In Walker LEO constellations, densification under full frequency reuse makes downlink SINR coverage and ergodic spectral efficiency vanish as O(1/N) because interference grows linearly in N while the signal from the nearest visible satellite remains uniformly bounded.

A machine-rendered reading of the paper's core claim, the machinery that carries it, and where it could break.

Walker constellations are grids of low-Earth-orbit satellites whose relative positions stay fixed as they orbit. The paper models a typical ground user whose connection is always to the nearest satellite visible above the horizon. Earth curvature fixes the size of this visible cap, so only a bounded number of satellites can ever be seen no matter how many are added overall. Under power-law path loss, a simple two-level antenna model, random fading, and noise, the authors show that the total interference collected from all other visible satellites must increase at least linearly with the total satellite count N. The desired signal strength, however, cannot grow because the visible region is geometrically fixed. Consequently the signal-to-interference ratio falls, and both the probability that this ratio exceeds any fixed threshold and the average data rate per Hertz go to zero. Explicit finite-N upper bounds of order 1/N are derived. When satellites transmit only with probability q (frequency reuse by thinning), collapse is avoided only if qN remains bounded, i.e., the reuse factor must grow linearly with N.

Core claim

we prove that increasing the total satellite count N=N_oN_s forces the aggregate interference to grow at least linearly in N, while the useful signal remains uniformly bounded above. Consequently, the downlink SINR coverage probability at any fixed threshold and the ergodic spectral efficiency both vanish as N→∞.

Load-bearing premise

The performance is evaluated under the invariant (stationary) measure induced by the constellation/Earth dynamics, combined with the restriction of association to the bounded visible cap determined by Earth geometry and the specific two-level antenna-gain and power-law path-loss model.

Figures

Figures reproduced from arXiv: 2604.24656 by Ali Khalesi, Fran\c{c}ois Baccelli.

Figure 1
Figure 1. Figure 1: Mean serving distance E[D0] vs. densification. Distance shrinkage explains the initial gains at moderate N before interference dominates. 10 3 10 4 Total satellites N = NoNs 10 15 10 14 10 13 10 12 M e a n interfere nce [I] (n orm alize d) Interference growth vs densification (collapse mechanism) MC: q=1 (full reuse) MC: q=0.1 (reuse 10) MC: q=0.03 (reuse 33) MC: q=min(1,600/N) Linear guide (tail-fit): E[I… view at source ↗
Figure 2
Figure 2. Figure 2: Mean interference growth vs.
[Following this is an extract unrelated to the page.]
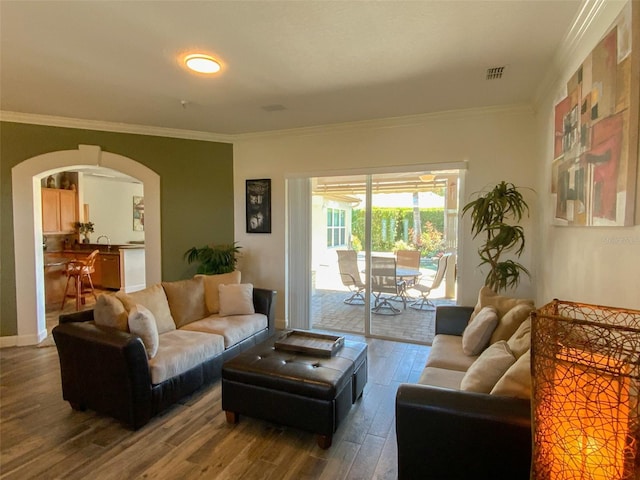 2041 Gold Dust Ct, Trinity, FL 34655 - living room featuring arched walkways, wood finished floors, and ornamental molding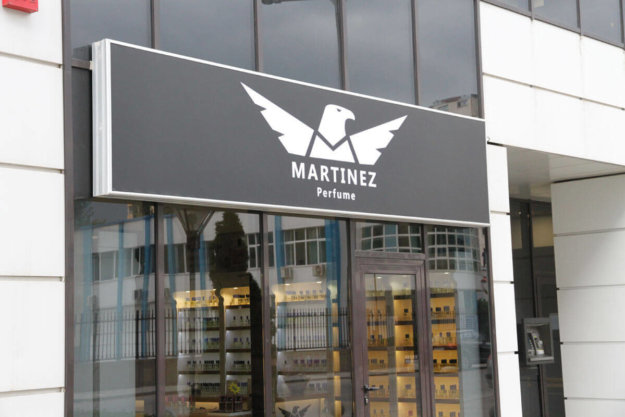 Illuminated sign with the logo of Martinez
N (collapse mechanism). Full reuse exhibits near-linear growth; fixed thinning reduces the slope; the scaling q(N) = min(1, c/N) flattens E[I] for large N. Reproducibility. All figures are generated by the accompany￾ing Python script (Monte Carlo over phase shifts, fading, and PRB activity) with the parameters in Table I. VIII. CONCLUSION This paper provided a set of densificat… view at source ↗
Figure 5
Figure 5. Figure 5: Scaling validation against conservative theorem constants (order-correct, loose): normalized ratios view at source ↗
read the original abstract

We establish densification converses for Walker LEO constellations under nearest-visible association in the full-frequency-reuse setting. Performance is evaluated under the invariant (stationary) measure induced by the constellation/Earth dynamics on the user--constellation ``phase state.'' A key Walker-specific feature, absent from unbounded planar models, is that association is restricted to a bounded visible cap determined by Earth geometry. Under power-law path-loss, a two-level antenna-gain model, i.i.d.\ nonnegative fading with unit mean and finite second moment, and nonzero noise, we prove that increasing the total satellite count $N=N_oN_s$ forces the aggregate interference to grow at least linearly in $N$, while the useful signal remains uniformly bounded above. Consequently, the downlink SINR coverage probability at any fixed threshold and the ergodic spectral efficiency both vanish as $N\to\infty$. The key technical ingredient is a deterministic visibility-annulus block lemma, uniform over all sufficiently large constellations and all "phase states", showing that a fixed fraction of visible satellites lies in a distance annulus strictly inside the horizon; this yields explicit finite-$N$ collapse bounds. In particular, we derive nonasymptotic $O(1/N)$ upper bounds on both coverage and ergodic spectral efficiency. Finally, in the case of frequency reuse through independent thinning, with activity probability $q$, we show that avoiding densification collapse necessarily requires $qN=O(1)$, equivalently a reuse factor $\Omega(N)$, and we obtain a corresponding explicit $O(1/(qN))$ upper bound.

Editorial analysis

A structured set of objections, weighed in public.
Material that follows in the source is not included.